I tried installing RCT3 and it seemed successful. However, when I try to play it, I get an error message that says...

*Runtime Error!

Program: C:\Program Files\Atari\RollerCoaster Tycoon 3\RCT3.exe

abnormal program termination*


Then I discovered that my disc drive won't open. Please help! I have a Toshiba laptop.


----------



## Zealex (Nov 30, 2008)

Try running as administrator, and your disk drive won't open with the cd in it or nothing in it and did you restart your computer and still nothing?


----------



## henrobules (Jun 2, 2009)

I'm the administrator, and the disk drive opened when I let it hibernate for a bit.
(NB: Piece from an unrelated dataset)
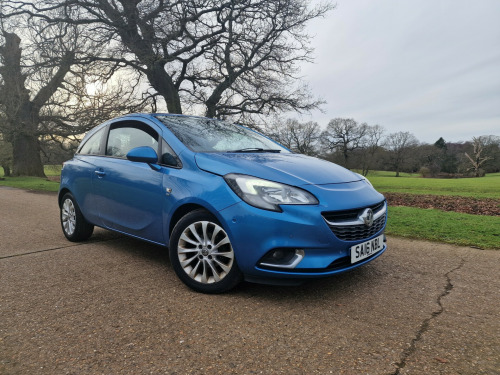 Vauxhall Corsa  SE ECOFLEX 3-Door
Yeah I restarted the computer, and it still wouldn't work.


----------



## RockmasteR (Aug 10, 2007)

try the game in compatibility mode (like Windows XP or Windows 98)


----------



## toshiba&rollerc (Jul 7, 2009)

The same happens to me!! I have a toshiba and i just got the roller coaster tycoon 3 platinum edition and i tried to play it, but i couldn't there was the same odd message saying:

Runtime Error!

Program: C:\Program Files\Atari\RollerCoaster Tycoon 3\RCT3.exe

abnormal program termination

and also my disc drive won't open too i have to shut down my computer to get it out!!
This is so frustrating, i want to play, and also i'm not very good at the computer so i don't know what's the compability mode, can you help me?? ;S


----------



## McNinja (Jun 22, 2008)

Run the game as administrator

find the game's .exe
right click and go into properties
compatibility (tab)
run as administrator.


----------